What you are asked to do ::
Retype exactly the lines from the one that contains "Amelie Syberberg holding" through the final line of the material below, and add nothing else.

── Source data

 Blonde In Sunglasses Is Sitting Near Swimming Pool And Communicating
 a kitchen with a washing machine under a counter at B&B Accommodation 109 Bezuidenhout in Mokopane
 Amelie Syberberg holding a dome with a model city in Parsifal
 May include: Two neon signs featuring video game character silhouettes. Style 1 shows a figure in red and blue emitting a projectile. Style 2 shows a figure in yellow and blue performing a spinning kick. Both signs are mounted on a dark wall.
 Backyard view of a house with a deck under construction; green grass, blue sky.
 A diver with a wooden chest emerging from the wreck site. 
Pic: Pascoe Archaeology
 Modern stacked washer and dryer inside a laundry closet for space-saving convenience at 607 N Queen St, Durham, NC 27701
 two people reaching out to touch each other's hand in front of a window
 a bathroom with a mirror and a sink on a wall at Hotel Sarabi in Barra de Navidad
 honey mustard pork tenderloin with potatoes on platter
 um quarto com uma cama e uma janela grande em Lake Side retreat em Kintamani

────

Worked solution ::
 Amelie Syberberg holding a dome with a model city in Parsifal
 May include: Two neon signs featuring video game character silhouettes. Style 1 shows a figure in red and blue emitting a projectile. Style 2 shows a figure in yellow and blue performing a spinning kick. Both signs are mounted on a dark wall.
 Backyard view of a house with a deck under construction; green grass, blue sky.
 A diver with a wooden chest emerging from the wreck site. 
Pic: Pascoe Archaeology
 Modern stacked washer and dryer inside a laundry closet for space-saving convenience at 607 N Queen St, Durham, NC 27701
 two people reaching out to touch each other's hand in front of a window
 a bathroom with a mirror and a sink on a wall at Hotel Sarabi in Barra de Navidad
 honey mustard pork tenderloin with potatoes on platter
 um quarto com uma cama e uma janela grande em Lake Side retreat em Kintamani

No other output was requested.